I find his nature-of-the-security argument severely lacking:

The negative effect is reinforced by the fact that CDS are tradable and therefore tend to be priced as warrants, which can be sold at anytime, not as options, which would require an actual default to be cashed in. People buy them not because they expect an eventual default, but because they expect the CDS to appreciate in response to adverse developments.

AIG thought it was selling insurance on bonds, and as such, they considered CDS outrageously overpriced.
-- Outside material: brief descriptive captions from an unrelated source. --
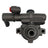 Maval 97162M Power Steering Pump - Front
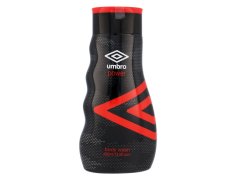 Umbro Umbro - Power - For Men, 400 ml 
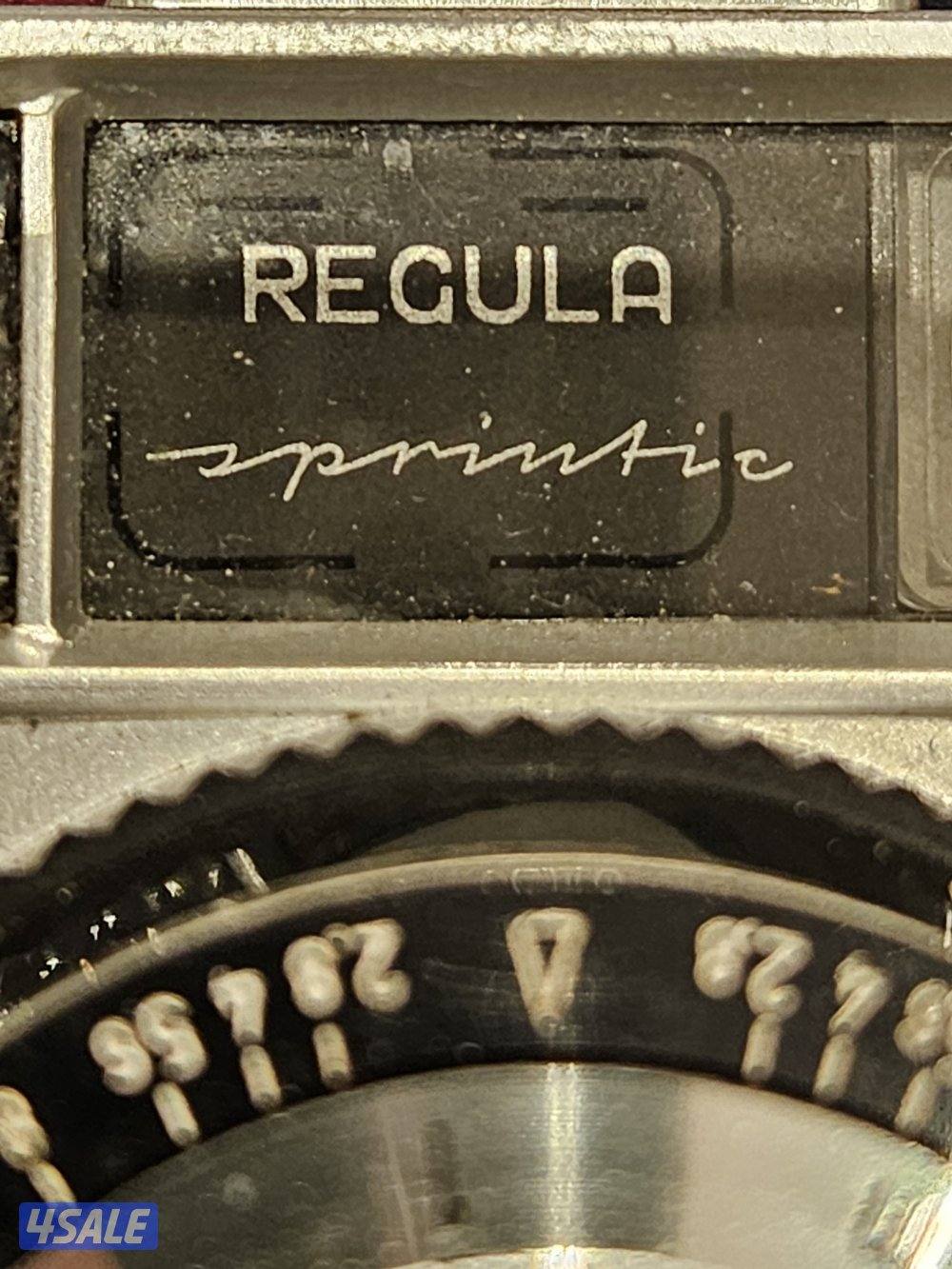 كاميرا أنتيك ألمانية6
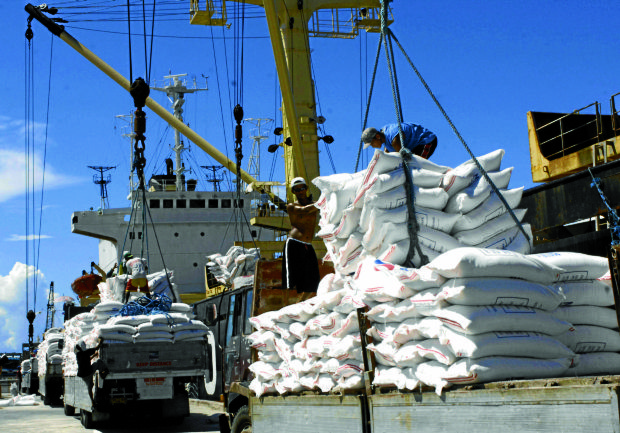 NFA exec blames its council’s ‘bureaucracy’ in delay of rice importation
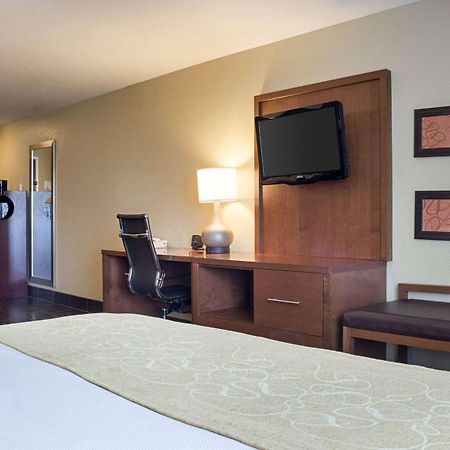 Comfort Suites Minot Ngoại thất bức ảnh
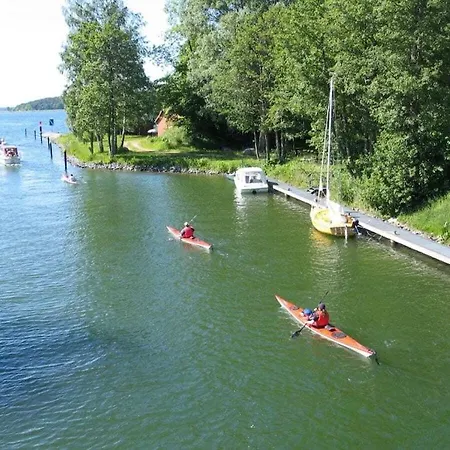 In The Lenzer Hoeh I Holiday home *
In fact, it was selling bear-market warrants and it severely underestimated the risk.

AIG underestimated their MTM risk, to be sure, but they had negotiated their MTM risk away via collateral-free counterparty agreements.  In this paradigm, AIG's real downfall was their credit-rating downgrade, which forced them to post collateral.  There's no question their risk management was awful, but were they not downgraded they'd still be solvent, since few of the CDS they sold have actually defaulted (and consequently mandated cashflows).

This begs an interesting question (and points out the ridiculousness of the rating agencies) -- if you have an institution which is solvent at credit rating A and insolvent at credit rating B, which one should it have?

But Soros isn't finished:

[I]t's clear that AIG, Bear Stearns, Lehman Brothers and others were destroyed by bear raids in which the shorting of stocks and buying CDS mutually amplified and reinforced each other....

And AIG failed to understand this.

So let's review.  A company whose "expertise" is financial products didn't understand how they work, but George Soros can explain it succinctly in a WSJ opinion.  Sounds to me like the problem lies with AIG, not the CDS.

But Soros would argue that the fault for taking down massive institutions like Bear, Lehman, and AIG lies with crazy speculators, not with any failures of those firms.  And we should act now to prevent these crazy individuals from taking down any more institutions, especially - say it ain't so - a government arm like the Treasury.

Now where would a timid investor like Soros get an idea like that?